DATA SEGMENT -
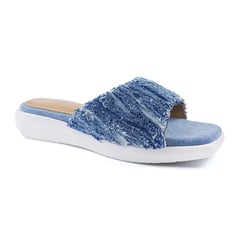 Anaar Coco Blues Denim Open Sandals – Chic Comfort Everyday Wear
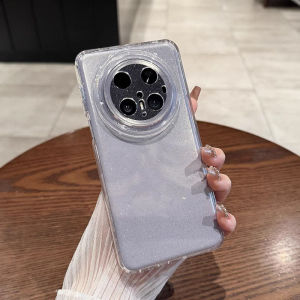 Huawei Mate70Pro+ Phone Case Transparent Silicone Glitter Atmosphere Sensation Womens Style Full Protection Corner Simple Luxury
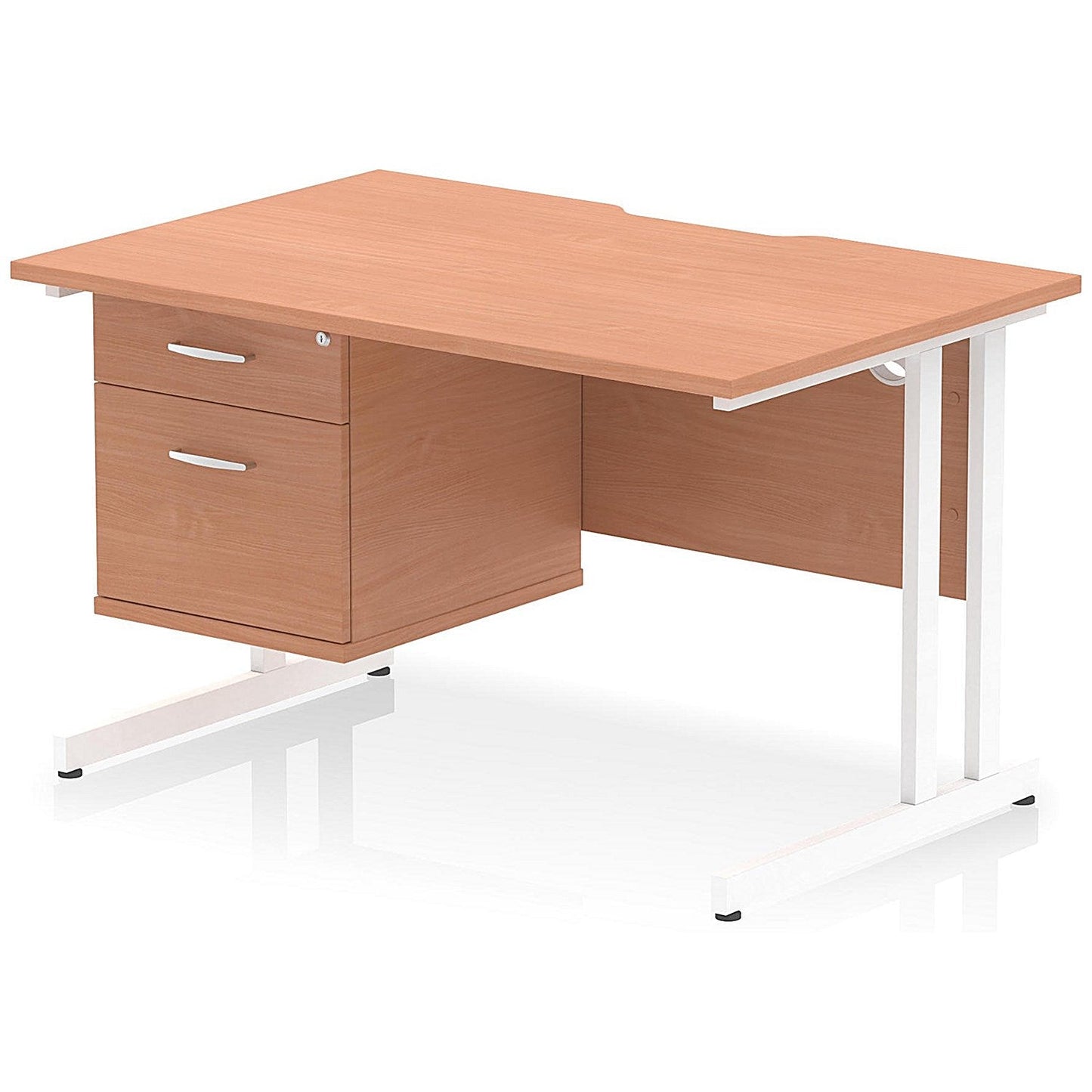Impulse 1200mm Scalloped Edge Rectangular Desk, White Cantilever Legs, Beech, With 1 x 2 Drawer Fixed Pedestal Easy2Order : I006109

WHAT YOU SHOULD DO -
All of the material above must be given again verbatim, except for the pictures.

TASK SOLUTION -
 Anaar Coco Blues Denim Open Sandals – Chic Comfort Everyday Wear
 Huawei Mate70Pro+ Phone Case Transparent Silicone Glitter Atmosphere Sensation Womens Style Full Protection Corner Simple Luxury
Impulse 1200mm Scalloped Edge Rectangular Desk, White Cantilever Legs, Beech, With 1 x 2 Drawer Fixed Pedestal Easy2Order : I006109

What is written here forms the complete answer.